Nasional, gemasulawesi – Matahari siang pada tanggal 11 Desember 2024 memayungi Pelabuhan Cirebon, Provinsi Jawa Barat, dengan sengatan yang tajam.
Udara panas berpendar di antara kapal-kapal yang bersandar tetapi ada satu yang paling mencuri perhatian, yaitu hadirnya Geomarin III.
Geomarin III adalah kapal survei milik Kementerian ESDM atau Energi dan Sumber Daya Mineral. Kapal tersebut bukan sekadar raksasa besi yang mengapung melainkan laboratorium berjalan yang telah bertahun-tahun menjelajahi samudera Nusantara untuk menyingkap misteri yang tersembunyi di kedalaman.
Di dalam anjungan kapal itu berdiiri seorang pria yang lebih akrab dengan laut dibandingkan dengan daratan.
Nama pria tersebut adalah Ateng, nakhoda yang telah mengabdikan dirinya lebih dari 1 dekade untuk menjelajahi perairan Indonesia demi misi ilmiah dan juga kepentingan bangsa.
Untuknya, laut bukan merupakan tempat bekerja tetapi bagian dari kehidupannya. Sejak tahun 2015, dia telah mengendalikan kemudi Geomarin III dan membawa kapal tersebut berlayar menembus badai dan menjelajahi perairan Indonesia.
Dikutip dari Antara, Ateng tidak asing dengan kehidupan di laut. Diketahui sebelum dia menjadi nakhoda Geomarin III, dia lebih dahulu bertugas di Geomarin I, kapal generasi pertama yang kini telah pensiun.
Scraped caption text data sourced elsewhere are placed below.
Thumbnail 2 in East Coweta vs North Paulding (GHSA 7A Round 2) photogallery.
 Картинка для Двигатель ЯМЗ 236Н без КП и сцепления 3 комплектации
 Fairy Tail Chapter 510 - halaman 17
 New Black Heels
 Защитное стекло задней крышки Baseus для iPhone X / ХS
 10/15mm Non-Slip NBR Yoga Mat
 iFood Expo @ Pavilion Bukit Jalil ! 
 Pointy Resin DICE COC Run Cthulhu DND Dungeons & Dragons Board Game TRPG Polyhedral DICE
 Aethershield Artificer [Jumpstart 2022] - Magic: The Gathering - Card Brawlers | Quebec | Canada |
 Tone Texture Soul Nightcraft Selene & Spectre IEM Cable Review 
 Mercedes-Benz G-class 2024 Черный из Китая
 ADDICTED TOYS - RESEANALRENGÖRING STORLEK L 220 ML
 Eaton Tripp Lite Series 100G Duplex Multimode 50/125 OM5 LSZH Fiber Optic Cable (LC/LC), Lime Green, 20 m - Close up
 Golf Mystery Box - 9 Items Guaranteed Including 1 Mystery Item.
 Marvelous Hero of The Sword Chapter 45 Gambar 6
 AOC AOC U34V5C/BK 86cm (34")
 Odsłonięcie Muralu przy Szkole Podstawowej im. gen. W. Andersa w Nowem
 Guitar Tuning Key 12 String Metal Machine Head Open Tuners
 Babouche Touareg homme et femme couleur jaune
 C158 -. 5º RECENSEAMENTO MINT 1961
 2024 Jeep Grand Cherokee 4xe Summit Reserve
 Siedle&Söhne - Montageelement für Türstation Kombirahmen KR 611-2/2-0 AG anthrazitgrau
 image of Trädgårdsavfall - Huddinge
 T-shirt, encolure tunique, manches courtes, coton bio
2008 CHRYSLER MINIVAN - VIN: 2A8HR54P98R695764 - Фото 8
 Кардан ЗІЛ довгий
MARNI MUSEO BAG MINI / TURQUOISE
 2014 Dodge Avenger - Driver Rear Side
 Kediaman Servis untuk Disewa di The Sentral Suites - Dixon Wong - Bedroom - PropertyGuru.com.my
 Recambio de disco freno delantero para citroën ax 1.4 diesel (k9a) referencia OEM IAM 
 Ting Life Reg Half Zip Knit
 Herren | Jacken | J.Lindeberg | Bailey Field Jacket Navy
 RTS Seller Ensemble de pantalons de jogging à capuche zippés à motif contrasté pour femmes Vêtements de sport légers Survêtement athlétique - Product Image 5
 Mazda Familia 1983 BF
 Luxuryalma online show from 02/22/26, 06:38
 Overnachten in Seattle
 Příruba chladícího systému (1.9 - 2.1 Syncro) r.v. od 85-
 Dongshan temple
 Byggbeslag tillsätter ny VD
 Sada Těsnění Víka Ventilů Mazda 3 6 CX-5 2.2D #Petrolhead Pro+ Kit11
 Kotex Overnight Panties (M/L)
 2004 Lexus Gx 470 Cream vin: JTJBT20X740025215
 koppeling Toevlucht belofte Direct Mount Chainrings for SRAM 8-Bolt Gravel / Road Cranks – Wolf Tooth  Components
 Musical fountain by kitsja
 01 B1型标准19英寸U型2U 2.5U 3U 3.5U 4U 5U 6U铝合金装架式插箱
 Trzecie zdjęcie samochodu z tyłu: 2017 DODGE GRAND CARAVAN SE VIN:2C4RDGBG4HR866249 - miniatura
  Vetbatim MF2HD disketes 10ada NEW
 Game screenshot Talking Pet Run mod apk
Berlayar untuk Ateng bukan hanya mengenai mengemudikan kapal melainkan harus dapat memahami bahasa laut, menerka angin, membaca gelombang, dan merasakan arus yang tak kasat mata.
Tetapi laut tak selalu ramah. Salah satu peristiwa yang paling membekas dalam ingatannya terjadi di tahun 2018 ketika dia dan awak kapalnya berada di Samudera Hindia untuk memasang buoy pendeteksi tsunami di dekat Kepulauan Andaman.
Dia bercerita ketika itu cuaca tampak cerah tetapi seperti kebiasaan laut yang penuh kejutan, badai besar datang tanpa peringatan.
Langit tiba-tiba menggelap, ombak setinggi 8 meter menghantam kapal seperti dinding raksasa.
Dalam situasi seperti itu, kepanikan dapat menjadi musuh yang paling besar. Ateng tahu bahwa melawan badai merupakan kesia-siaan.
Maka, dia memilih untuk menunggangi gelombang dan menjaga kemudi tetap stabil hingga akhirnya badai mereda.
“Selama 2 hari, kami terombang-ambing di laut,” ungkapnya.
Dia menambahkan mesin kapal tetap menyala dan dia tetap di posisi kemudi.
“Kami semua pasrah tetapi tangan saya tidak boleh lepas dari kendali,” katanya.
Laut pada akhirnya mereda dan Geomarin III selamat dari amukan alam. Kejadian tersebut menjadi bukti jika nakhoda harus memahami navifasi dan perlu mempunyai mental baja di hadapan alam yang tidak dapat diprediksi.